Amazon S3 (Simple Storage Service) is a really interesting service. Well, at its core it's not terribly interesting at all - it just allows anybody to store data on Amazon's servers and access it at any time. A micropayment system lets Amazon offset the cost of providing the service. The interesting part is the low cost: Currently it costs $0.15 per gigabyte per month for storage and $0.20 per gigabyte of data transferred, with prices only expected to fall.
This kind of service is useful for backups or distributed computing or many other applications. Access control allows you (as the data submitter) to control who can access it. If you configure the service and your DNS correctly, you can even serve up content via the Amazon S3 servers over HTTP using your own domain name!
I was thinking about this and doing some back-of-the-envelope calculations.

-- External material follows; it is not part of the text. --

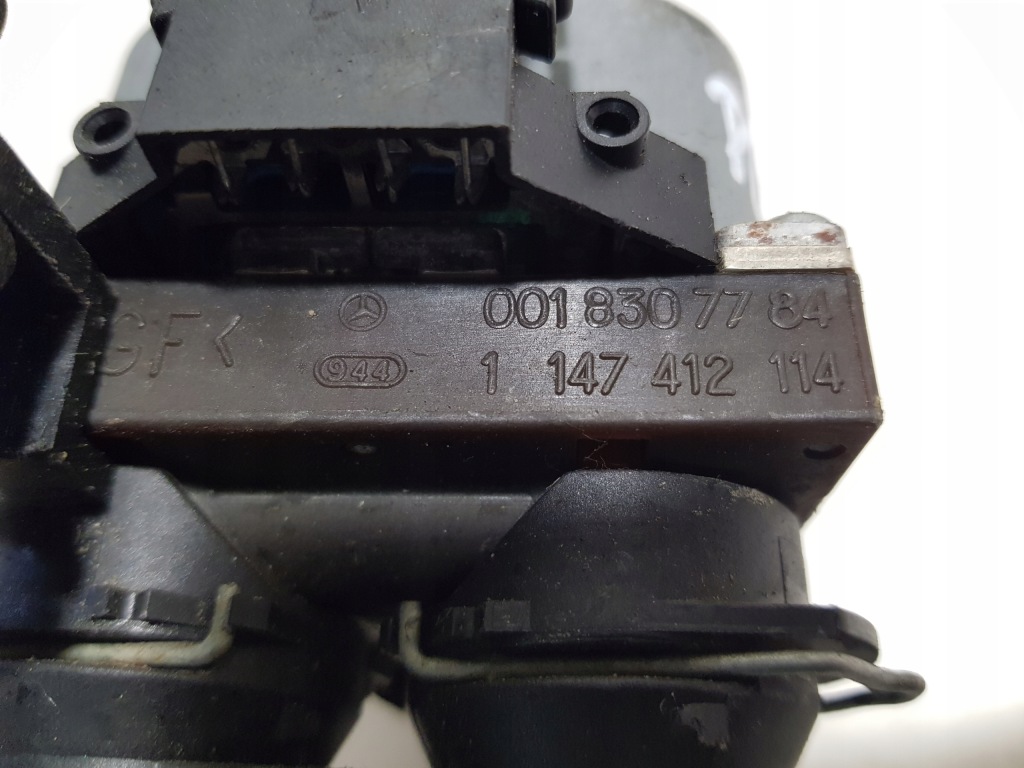 фото №4, Клапан циркуляція wody електроклапан mercedes slk r171 w171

My web site currently contains 1.6 GB of content. Last month, my web site served about 8 GB of data. Let's run the numbers:
Storage | 1.6 GB | × | $0.15 | = | $0.24 |
Transfer | 8 GB | × | $0.20 | = | $1.60 |
Total | $1.84 |
That's less than two dollars per month to host a reasonably busy web site. Of course, that doesn't give you any capability to host any dynamic content at all, but many types of web sites don't need that (including the vast majority of my own). You can enable logging for S3, so you can still extract the equivalent of HTTP server logs for the site.
At this time I'm not actually considering moving my web site from my hosted server to S3. There are too many other (non-HTTP-based) benefits of running my own server to give that up at this point, and if I'm running a server anyway, I might as well host my own HTTP server too.
You should expect to see an S3-based project or two from me in the near future.